Soul Explorer














     


When I was in my teens I went for walks everyday after school. I'd relish the independence of being on my own without people telling me what to do, how to do it, when to do it - that's the craving of every teenager. Freedom to choose. I'd plug my ears with head-phones and drown out the white noise of cars driving by and do a thirty minute loop. I used to live walking distance to by aunt and uncle and would drop in to visit them. That was my happy place, an escape from the crazy life of being a teen and also was my exercise. That's how I maintained my size 14 frame and without knowing it back then, that was me practicing self-care. 
Fast-forward thirteen years later and its only been the past few years that I have had an idea of what that means. Not just in relation to what I put in my mouth but what I'm thinking and who I hang out with. 

Last week I sitting in front of the television on a Sunday afternoon and I suddenly had an urge to step outside and find myself somewhere I don't know.

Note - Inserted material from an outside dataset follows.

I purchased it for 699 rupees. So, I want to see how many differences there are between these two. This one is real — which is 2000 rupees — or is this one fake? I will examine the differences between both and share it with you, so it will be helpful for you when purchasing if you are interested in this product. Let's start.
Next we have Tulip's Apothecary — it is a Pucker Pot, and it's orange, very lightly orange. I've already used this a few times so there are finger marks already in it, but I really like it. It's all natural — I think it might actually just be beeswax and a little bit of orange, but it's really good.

I craved the sight of towering trees and soft, green grass and I acted on that inclination. I found myself five minutes from my house, completely surrounded by trees that probably had been there since the beginning of time and I walked along a concrete trail, listening to the soft but strong song of the birds and felt everything I was thinking and worrying about slip away. While walking down this trail, I noticed a beaten path and wondered where it went. It was beginning to get dark and I decided to come back another day and promised to hold myself accountable to find out what was down that mysterious, inviting path. 

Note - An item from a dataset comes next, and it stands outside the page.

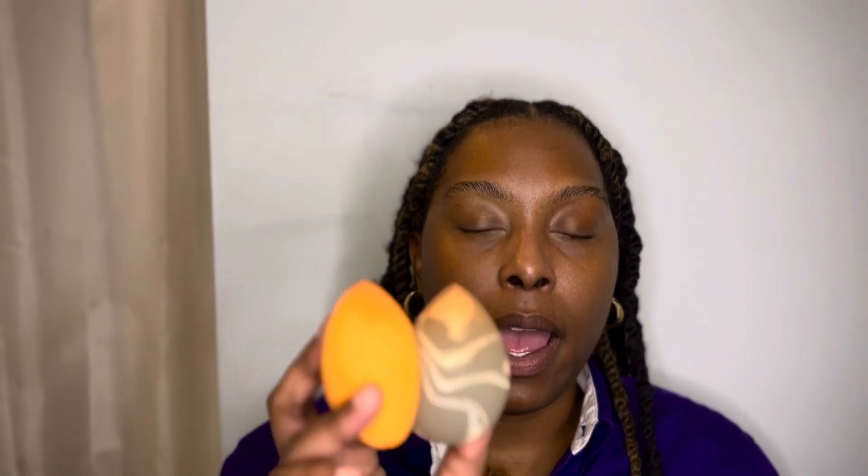Number three kind of coincides with number one. The reason your beauty blender gives you a more poreless finish is because of the brand. Drugstore beauty blenders may not give you the poreless finish you'd like. The Beauty Blender brand is expensive — it is not inexpensive like the drugstore brands.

Six days later at 2:00pm, I decided I could not wait another day to find out so I packed a bag with a drink bottle, a note-pad and pen incase spontaneous inspiration struck as well as my phone 
and told Alan I would be home in an hour or two.
Along the way to the beaten path I took photos of trees, birds and flowers and breathed in the fresh smell of trees and water. All the while being mindful of snakes, spiders or anything that seemed potentially dangerous. As I walked along the beaten path the concrete trail disappeared and I realised I was the only human soul in that moment in time, in that space.

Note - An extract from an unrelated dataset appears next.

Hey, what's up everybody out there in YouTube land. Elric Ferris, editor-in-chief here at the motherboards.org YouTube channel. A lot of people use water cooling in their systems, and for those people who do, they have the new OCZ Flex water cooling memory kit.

I marveled at that a little, I usually like company for outings like this because what if something went wrong? Five minutes later I found where the beaten-path led, to a fallen tree that would have once stood tall and imposing. Now it lay dejectedly on the ground, it's roots ripped out of the ground and it had been tagged with graffiti and none of it pleasant. Apparently somebody wasn't happy there was no weed to be found and wrote as much on the poor tree. Another turd wrote their initials, maybe the same person who came looking for weed. At that moment I had an epiphany, this tree represented what humans fear. Falling down through no fault of our own and having people write their opinions on us. I contemplated that for a moment as I made my way back to the trail and once I was on it, started to walk back to where it began. As I reached the end there was another opening in the trees which revealed two paths. I decided to find out where one of those paths led and as I walked along I took a video, wondering out loud why someone had strung up what looked like a clothes-line between two trees and why someone had tagged two trees with blue material. 
The why-for's have always fascinated me as a writer. 
Five minutes later, I came back to the same fallen tree I had left almost seven minutes before. 
To end up somewhere random is an accident, to end up there again is de-ja vu. 
What that fallen tree brought to my mind was a barrier. Maybe that tree represented a barrier in my life and if we leave barriers unbroken, they show up whole later on down the track.
 That could be why I found my way back there. Or maybe I found that tree again because its supposed to be a comforting reminder that its some where I know. 
That's something to ponder...
On my way out of the park I saw another tree, it stood tall and strong despite the many initials that were engraved in its bark, of the words people had taken time and energy to carve just to let the world know they had been there. 

It's amazing what nature can reveal to us about ourselves if we are willing to see. 
It can also open the doors of creation in our minds, triggering imagination and conjuring creativity. 
When I glimpsed a small mound of leaves growing I thought it would be a perfect place for fairies to live, they would live in the sanctuary the leaves provided, away from human eyes and there would be a fairy queen living in a castle under the soil where a feast is in full-swing. 

I feel this is something I need to do more of, searching and investigating - I have been thinking about a sport I can do well and enjoy, it looks like I have found it.